Reflexões sobre o Cativeiro de Lutero

Aqui podemos fazer uma pausa e aprender uma lição útil. Como uma águia acorrentada, Lutero passa o dia todo no meio das sombrias florestas da Turíngia, meditando sombriamente sobre o estado degradado da igreja e do clero, e agitado violentamente quanto aos resultados da dieta de Worms, ao bem-estar de seus amigos e ao progresso da verdade. A corrente o fere; ele não a aceitou do Senhor; sua saúde sofre; ele passa noites inteiras sem dormir; as tendências melancólicas de sua mente aumentam, e ele imagina que é incessantemente atacado por Satanás. "Acredite em mim," escreve ele, "fui entregue a mil demônios de Satanás nesta solidão; e é muito mais fácil lutar contra demônios encarnados—ou seja, homens—do que contra espíritos malignos nos lugares elevados." Ele anseia por liberdade, e por estar na linha de frente da batalha; e, temendo ser acusado de abandonar o campo, exclamou: "Eu preferiria ser esticado sobre brasas do que ficar aqui meio morto." E toda a humanidade poderia dizer: "Uma crise chegou; os esforços ativos, os apelos irresistíveis de Lutero são mais necessários agora do que nunca; pois se o líder deste grande movimento for forçado a se retirar em um momento como este, a causa da verdade acabará por sofrer, e seus inimigos triunfarão." Mas, apesar de todo o raciocínio humano, o Mestre diz: "Não. Meus caminhos não são os seus caminhos, nem meus pensamentos os seus pensamentos. O cativeiro do Meu servo será a liberdade de milhões." E assim foi. Nenhum evento em sua história contribuiu tanto para enriquecer sua mente ou amadurecer suas opiniões sobre a natureza e extensão da reforma que a situação ao seu redor exigia quanto os livros que ele escreveu e as Escrituras que ele traduziu. Que possamos aprender a nos inclinar, bem satisfeitos, quando as ordens do Mestre são para ficarmos quietos, assim como quando Ele diz: Vá e sirva no campo para o qual Eu te chamei, e para o qual Eu te preparei. Moisés em Midiã, Paulo na Arábia e João em Patmos são lições divinas para todos os servos do Senhor.

Lutero em Wartburg

Capítulo 35 - Lutero: A Reforma na Alemanha (1521-1529 d.C.)

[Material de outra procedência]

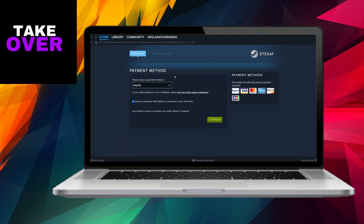Once you've provided the necessary information, your purchase will be seamlessly completed and the selected Steam game will be yours, all thanks to the ease and efficiency of using an Apple gift card. This straightforward process ensures a smooth transaction for acquiring Steam games using this payment method.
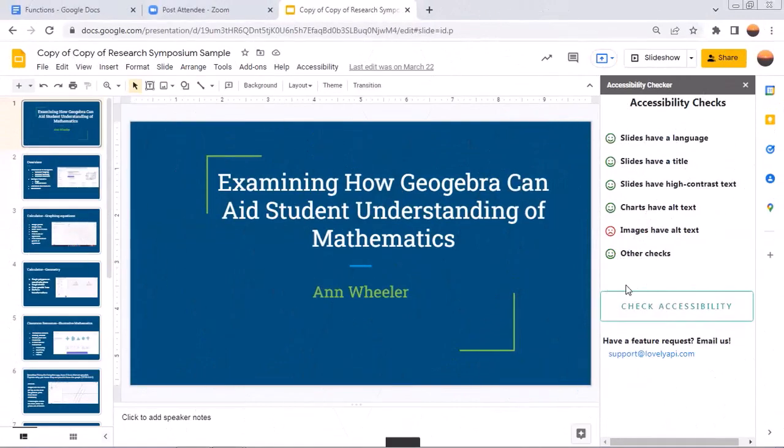I hope this quick look at accessibility checks in Google Docs and slides was helpful for you. Have a great day.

A súbita e misteriosa desaparição de Lutero causou grande ansiedade entre seus amigos e triunfo entre seus inimigos. Os rumores mais extraordinários circulavam por todas as províncias, de modo que o nome, o caráter e as obras de Lutero eram agora discutidos com mais fervor do que nunca. No entanto, como o sigilo era essencial para sua segurança, tanto amigos quanto inimigos permaneceram por meses sem saber o local de seu esconderijo.

O castelo de Wartburg, o lugar de seu cativeiro, que ele chamava de seu "Patmos", havia sido a antiga e inexpugnável residência dos landgraves da Turíngia, e, de sua localização montanhosa, dominava a vizinhança de Eisenach, a terra natal de sua mãe e o cenário de sua própria educação. Para não levantar suspeitas quanto à sua verdadeira identidade, ele foi obrigado a abandonar o hábito monástico, deixar a barba e o cabelo crescerem, e adotar as vestes e o título de um nobre rural—o Escudeiro Jorge. Para o monge rigoroso, o reformador ativo, o audacioso antagonista de Roma, a mudança foi extrema. Frequentemente, ele sofria graves crises de enfermidade física e angústia mental. Em algumas de suas cartas, datadas como provenientes da Ilha de Patmos, ele se queixava amargamente dos hábitos indolentes que estava adquirindo e das consequências de sua vida confortável. Mas, embora estivesse afastado de suas atividades públicas na universidade e no púlpito, ele se manteve diligente na escrita. Seus inimigos o consideravam excessivamente ativo em seu retiro. Trabalhou com incansável dedicação e publicou muitos novos livros. Foi nesse retiro que ele iniciou a maior e mais útil de todas as suas obras— a tradução da Bíblia para a língua alemã. Durante sua solidão, nos meses de verão de 1521, ele acabou por concluir o Novo Testamento; além disso, dedicou-se intensamente a aprimorar seus conhecimentos das línguas grega e hebraica, com o propósito de tornar sua versão da Bíblia ainda mais completa.